__TASK INSTRUCTIONS__
Find the line with "En-Suite Double Rooms, Smart" in the records below. Output exactly from there until after the line with "Used 2025 Chrysler Pacifica Select image 32", without pictures.

__RECORD EXTRACTS__
((
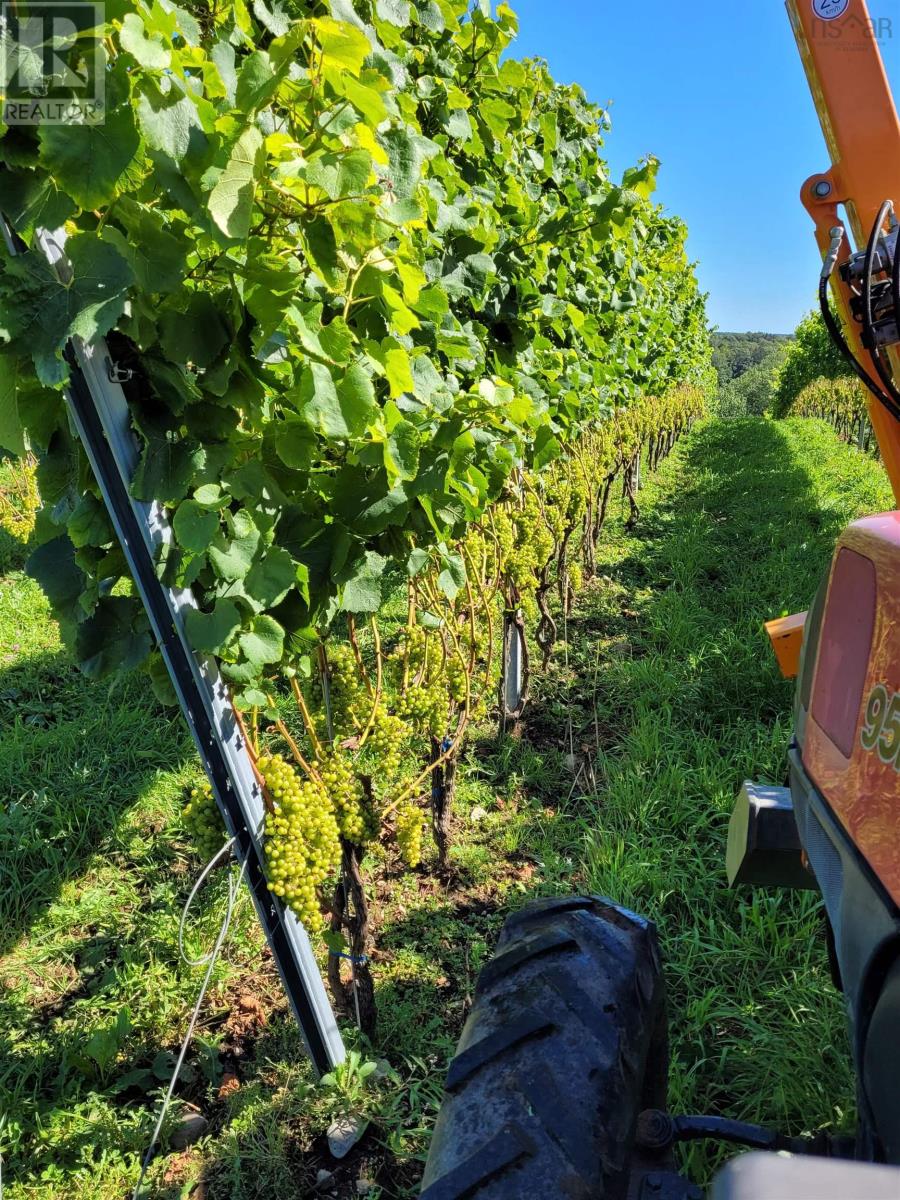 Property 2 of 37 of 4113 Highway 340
))
((
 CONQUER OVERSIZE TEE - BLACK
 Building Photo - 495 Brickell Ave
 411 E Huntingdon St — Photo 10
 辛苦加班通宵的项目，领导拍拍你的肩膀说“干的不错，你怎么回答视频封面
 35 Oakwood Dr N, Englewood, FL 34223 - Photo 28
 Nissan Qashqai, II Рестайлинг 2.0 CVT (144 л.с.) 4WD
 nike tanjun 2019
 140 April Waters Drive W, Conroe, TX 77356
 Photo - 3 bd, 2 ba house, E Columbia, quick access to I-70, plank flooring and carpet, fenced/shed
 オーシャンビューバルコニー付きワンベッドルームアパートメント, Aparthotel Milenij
))
((
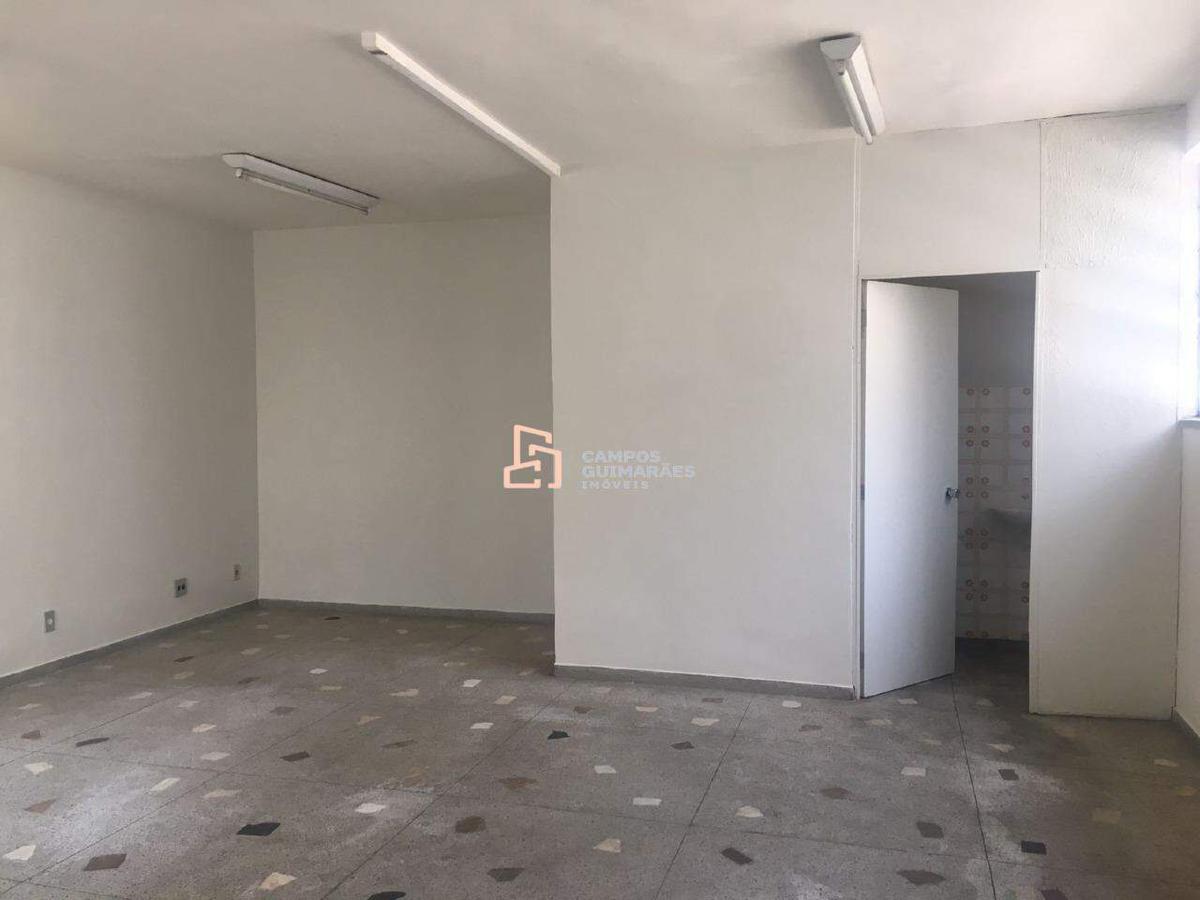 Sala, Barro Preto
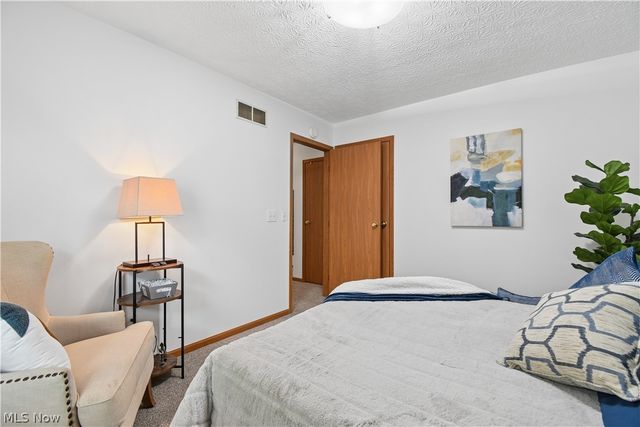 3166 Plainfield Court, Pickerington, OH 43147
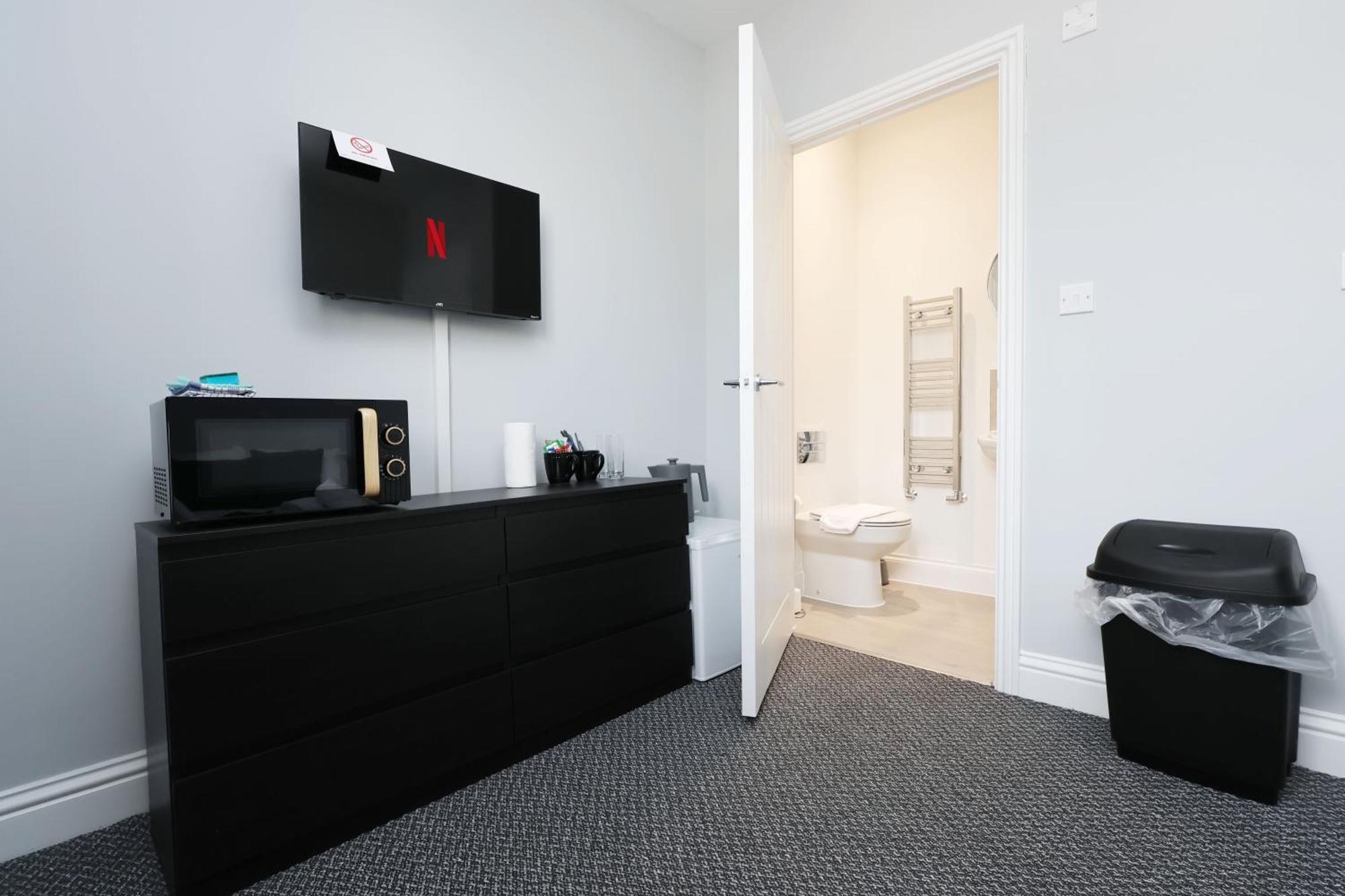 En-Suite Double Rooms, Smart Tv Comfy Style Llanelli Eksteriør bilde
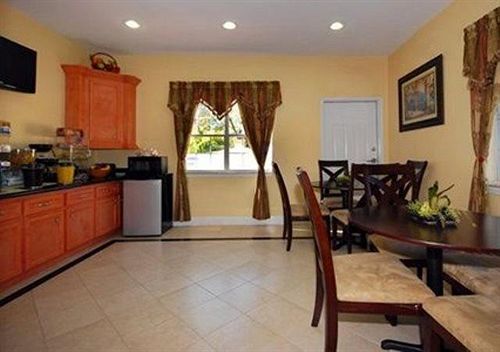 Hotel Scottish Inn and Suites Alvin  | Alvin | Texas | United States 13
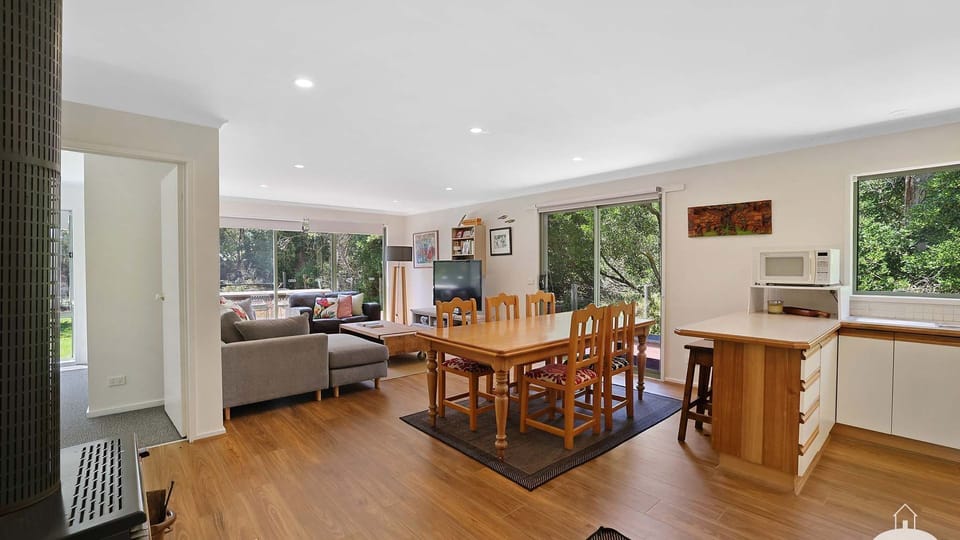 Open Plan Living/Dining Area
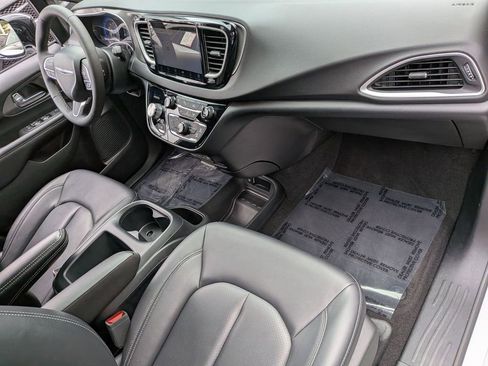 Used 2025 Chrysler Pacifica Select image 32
))
__SOLUTION TO THIS TASK__
 En-Suite Double Rooms, Smart Tv Comfy Style Llanelli Eksteriør bilde
 Hotel Scottish Inn and Suites Alvin  | Alvin | Texas | United States 13
 Open Plan Living/Dining Area
 Used 2025 Chrysler Pacifica Select image 32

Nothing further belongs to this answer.